There have been incidents elsewhere in the continental United States. In 1993, a young boy from Louisiana consumed a raw snail and became infected, while two toddlers in Texas — neither with a history of snail consumption or travel to an endemic region — became infected just last year. One of the toddlers was known to chew on raw lettuce.
Several animal infections have been documented in Louisiana since the 1980s, in Alabama in 2014, in California that year and in Oklahoma in 2015. Walden said rats on ships probably brought the disease to Louisiana.
“Human cases may be getting misdiagnosed, especially if there are low numbers of infectious larvae ingested and the disease is minimal,” Walden said. The parasite may not be on doctors’ radar, especially in situations in which patients don’t have a history of travel to an area where it is endemic.
Doctors frequently find it difficult to diagnose rat lungworm because a simple blood test does not exist.

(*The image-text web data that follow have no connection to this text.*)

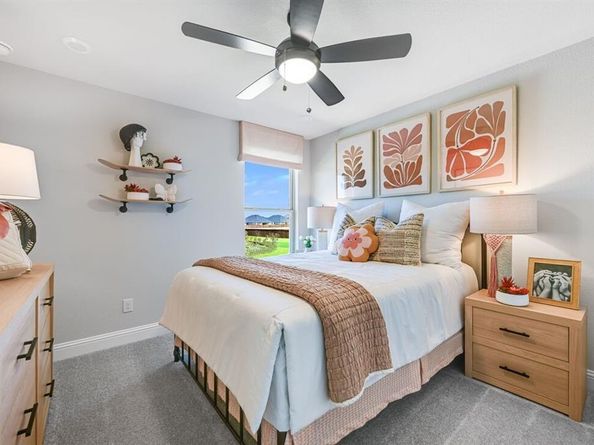 546  Wisteria Street , Oak Point Texas 75068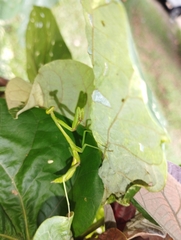 Stagmomantis theophila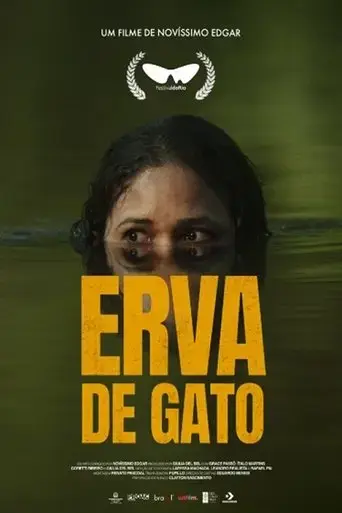 erva-de-gato-2023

Janice Okubo, a spokeswoman for Hawaii’s Department of Health, noted that testing “requires spinal fluid from the sick person.” Her state typically gets reports of one to nine cases of rat lungworm each year, with two related deaths since 2007, Okubo said, adding that the number of cases this year is “concerning.”
Symptoms can be mild or severe
Although some infected people have no symptoms (PDF) or very mild ones, others experience severe headaches and stiffness of the neck, tingling or pain in the skin or extremities, low-grade fever, nausea and vomiting, Okubo said. Sometimes, people have a temporary paralysis of the face and sensitivity to light. This infection can also cause a rare type of meningitis.
The illness usually lasts between two weeks and two months, and on average, the incubation period is one to three weeks. However, an infection can incubate in only a single day or in six weeks. People do not become contagious, so they cannot transmit the infection to someone else.
Walden believes the parasite is “more widespread than we know.”
“The increasing number of reports may be from geographic expansion of the parasite or increased awareness and education. It is probably a combination of both,” she said. It has historically been a subtropical parasite, so it is “alarming” that it is being found in more temperate climates.
“In Florida, we are finding it in both native and non-native snail species, and some of these snails have geographic ranges that extend well beyond Florida,” Walden said.
For now, officials in Hawaii are hoping to prevent infections by sharing and updating informational materials with prevention messages.
In the meantime, Park suggests that residents and visitors “inspect and thoroughly wash produce, prevent rats/slugs/snails around gardens.”
But for one pair of newlyweds, knowledge and prevention have come much too late. “Had we known we were walking into this kind of environment,” Manilla said, “we would have had a completely different attitude.”